In December, Nvidia spent $17 billion to acquire Groq, a startup specializing in fast and cost-efficient inference computing. Last month, Huang said he would demonstrate how Groq’s technology could be integrated with Nvidia’s CUDA platform.
“[T]he big deliverable expected at this event is the unveiling by Nvidia of a new inference-focused chip that will contain IP obtained in the recent Groq acquihire deal,” analysts at Vital Knowledge wrote in a note.
Fed decision in focus
Beyond the technology sector, investors are preparing for a series of central bank policy announcements this week.
The Federal Reserve will be the main focus, with policymakers widely expected to leave interest rates unchanged when their two-day meeting concludes on Wednesday.
Fed Chair Jerome Powell—who is set to step down from his position in May—is also expected to use one of his final press conferences following a policy decision to provide updated remarks on the state of the U.S. labor market and inflation.

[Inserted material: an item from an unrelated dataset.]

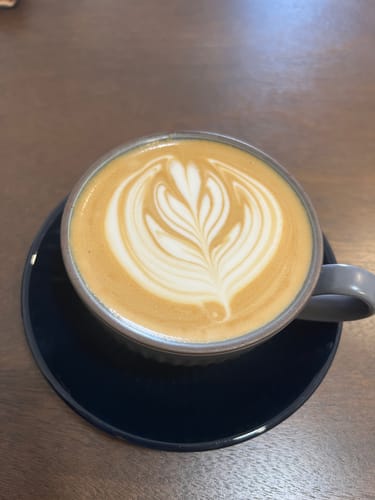 Customer's cup of Bali Kintamani coffee prepared as a latte with detailed foam art in a grey mug on a black saucer.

Recent employment data came in weaker than expected, highlighting potential fragility in the job market. At the same time, inflation risks may be increasing due to higher energy prices linked to the Iran conflict.
These developments present a difficult balancing act for the Fed: lowering rates could support employment but risk fueling inflation, while raising rates might help contain price pressures at the expense of the labor market.
Investors will be watching closely for any signals about how the central bank plans to navigate these competing pressures in the months ahead.